** Exercise brief **
Beginning with the line that holds "Caneca De Café", write out each line exactly as it stands until the end of the data, and include no pictures.

** Records for this exercise **

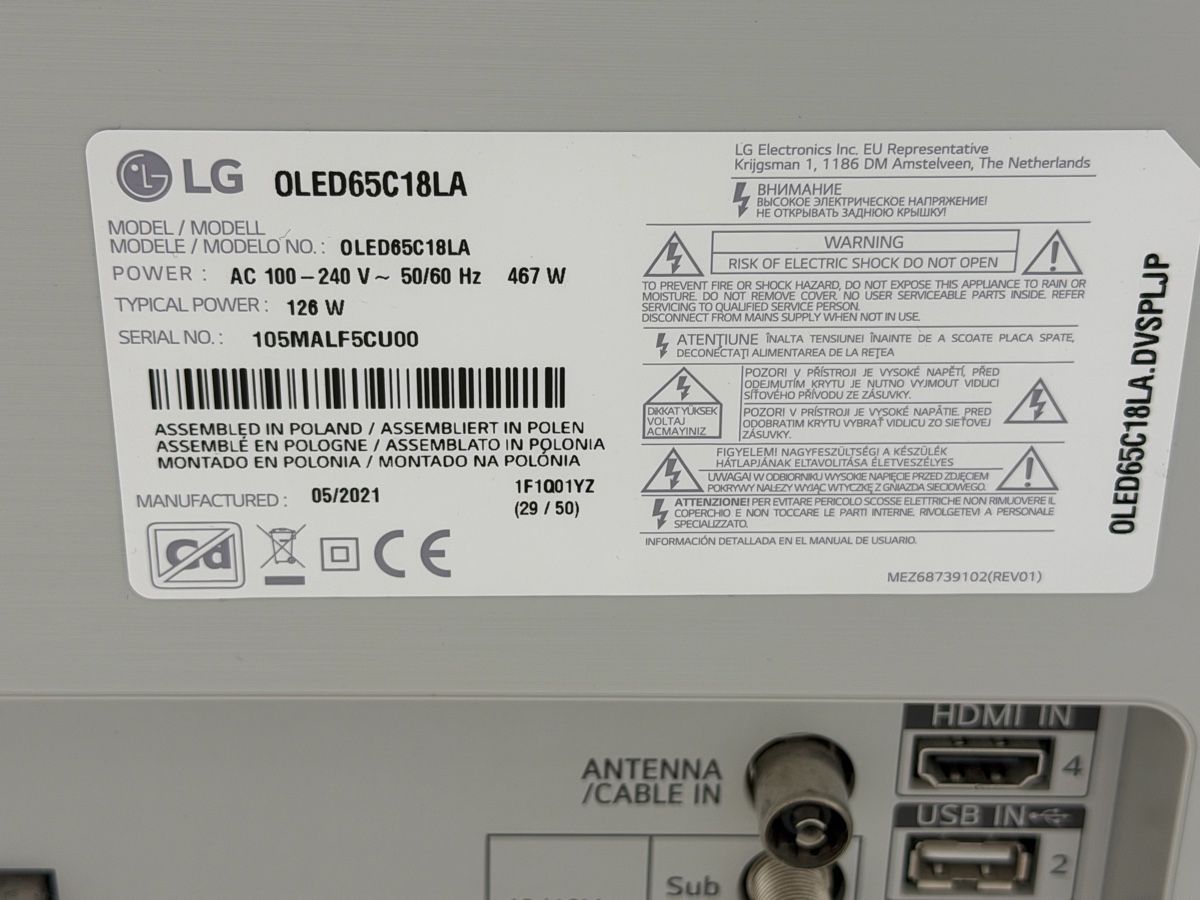 LG Fernseher: LG OLED 65C18 4k  – Gebraucht aus Ollon VD von dav_l7zv 2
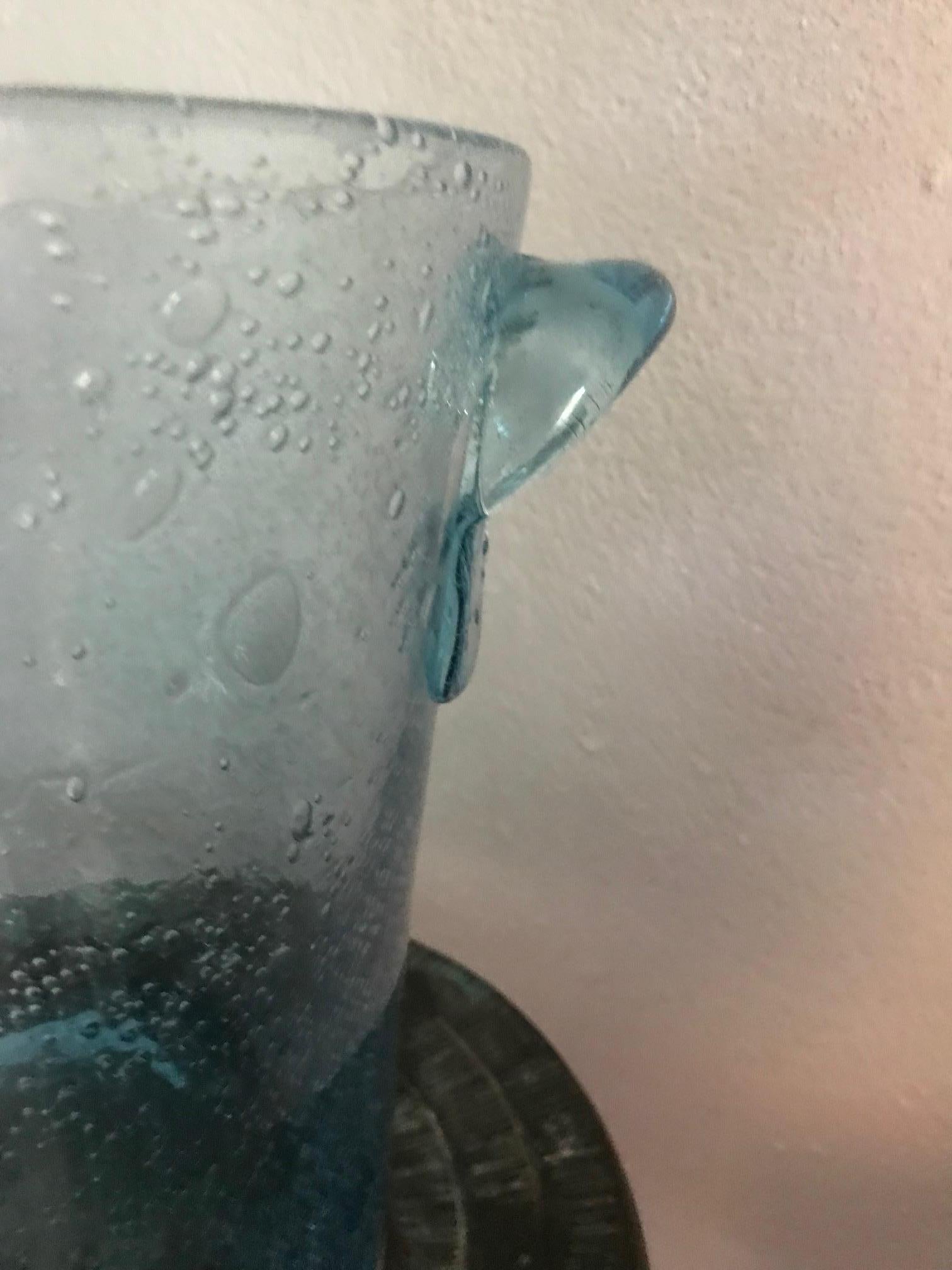 20th Century French 1980s Tall Blue Bubble Vase/ Champagne Bucket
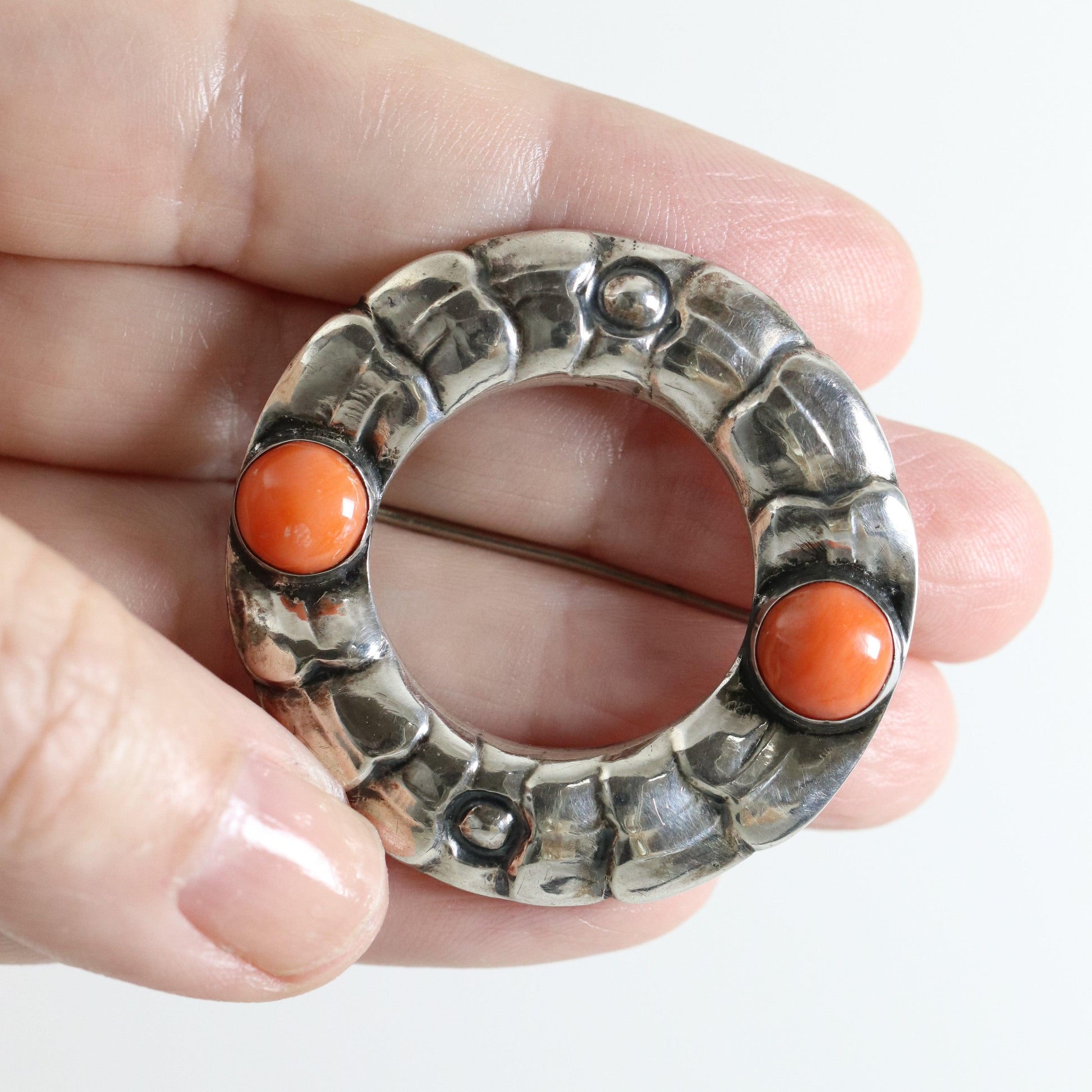 Georg Jensen Jewelry | Coral Art Nouveau Silver Vintage Brooch 49 - Carmel Fine Silver Jewelry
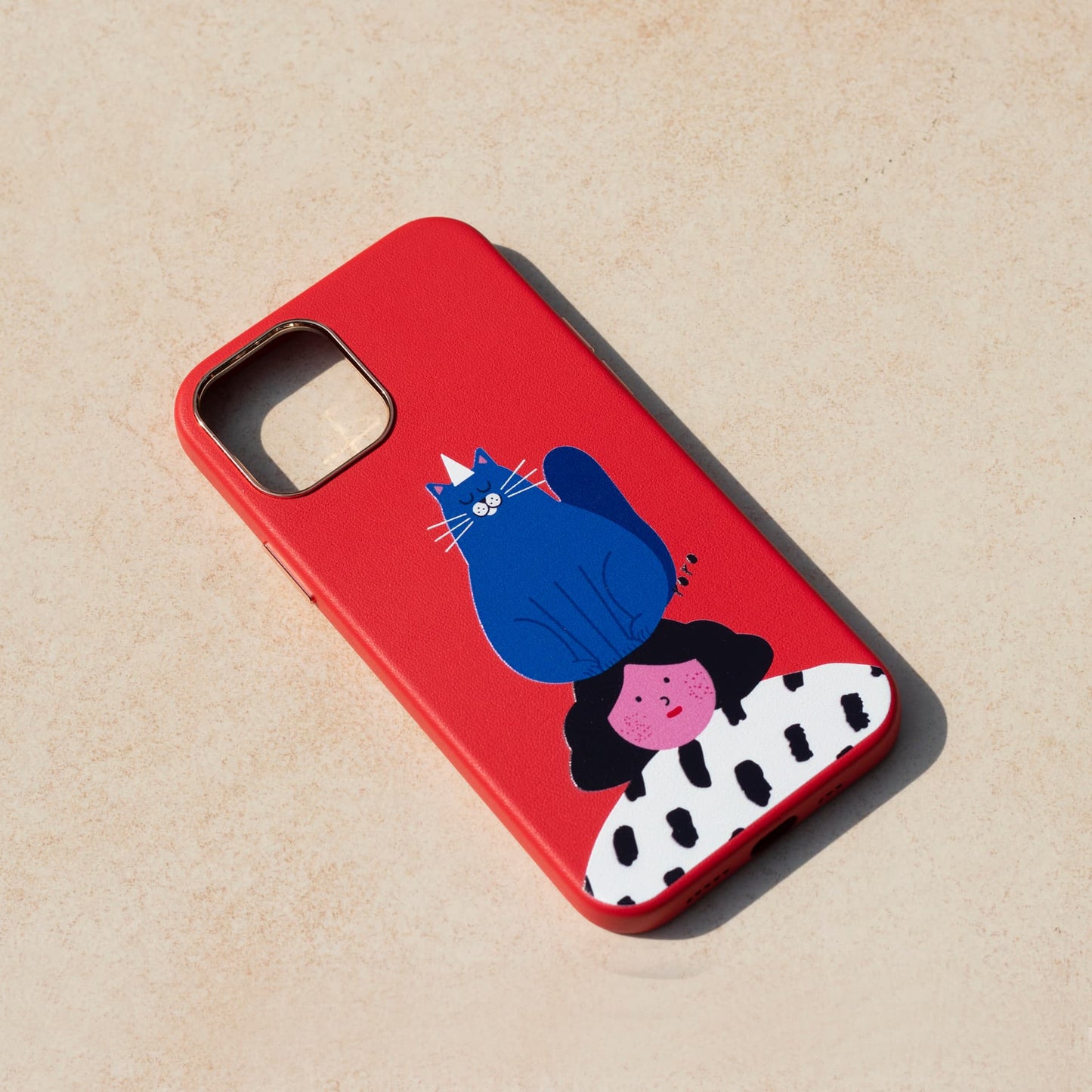 NAUGHTY CAT-iPhone 12 Mini Leather Kılıf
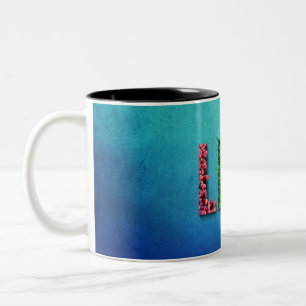 Caneca De Café Em Dois Tons Homem-Vida Mulher Céu Azul Água Fruta Comida Neve 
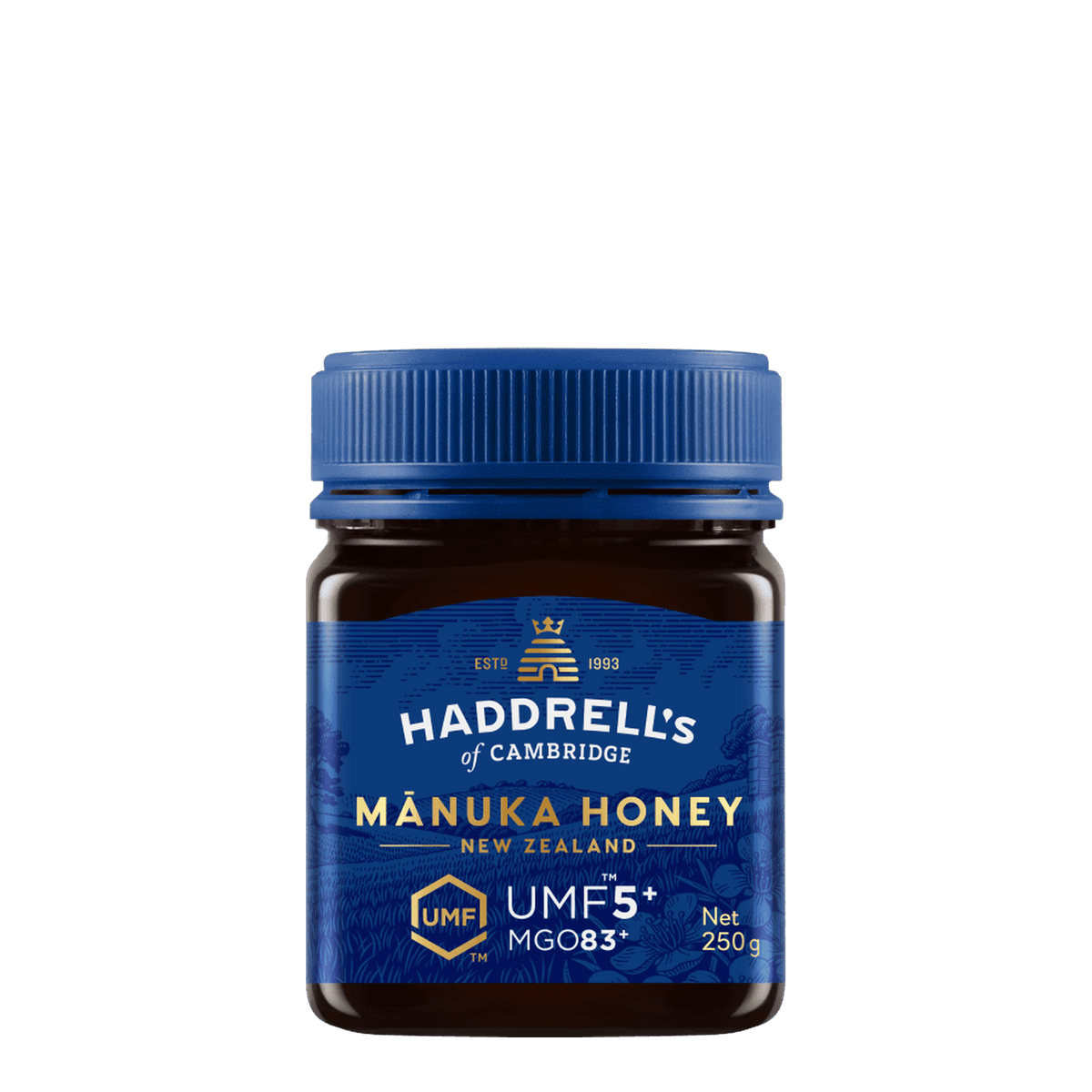 Słoik miodu manuka Haddrell's UMF 5+, widok z przodu z etykietą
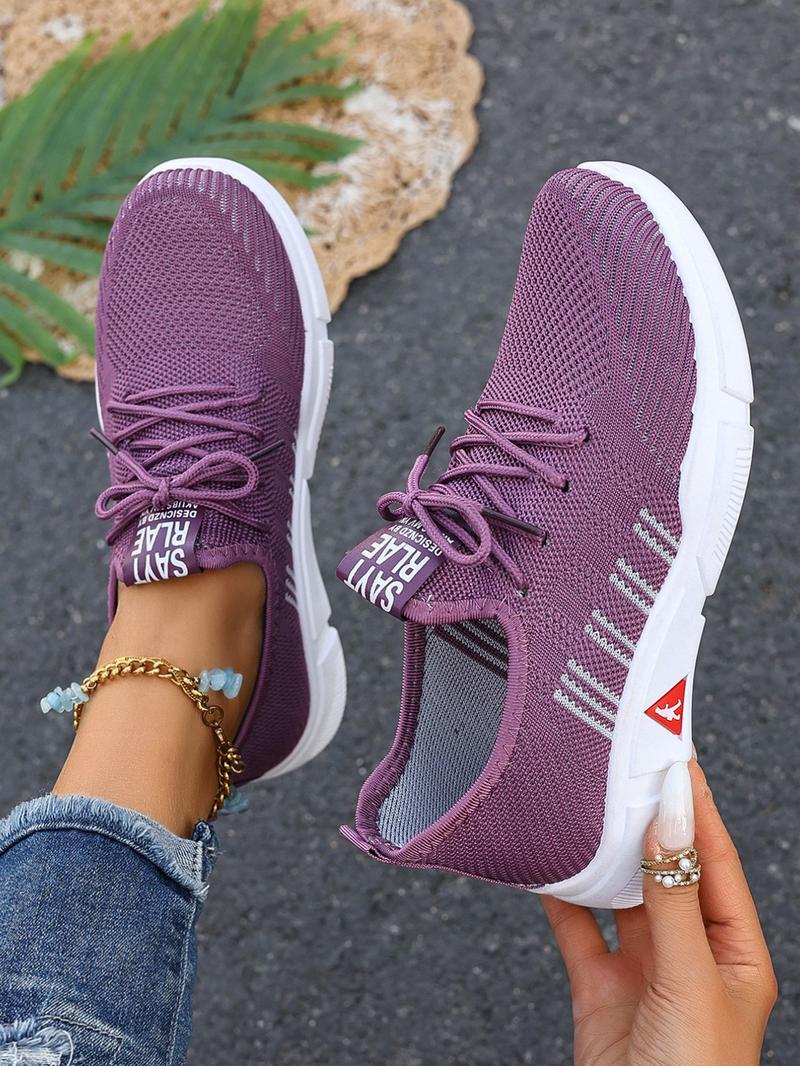 Women's Casual Sporty Sneakers Low-Top Lace-Up Comfortable Lightweight Knit Running Shoes for Beach Vacation Garden Camping Daily Wear Summer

** Response **
 Caneca De Café Em Dois Tons Homem-Vida Mulher Céu Azul Água Fruta Comida Neve 
 Słoik miodu manuka Haddrell's UMF 5+, widok z przodu z etykietą
 Women's Casual Sporty Sneakers Low-Top Lace-Up Comfortable Lightweight Knit Running Shoes for Beach Vacation Garden Camping Daily Wear Summer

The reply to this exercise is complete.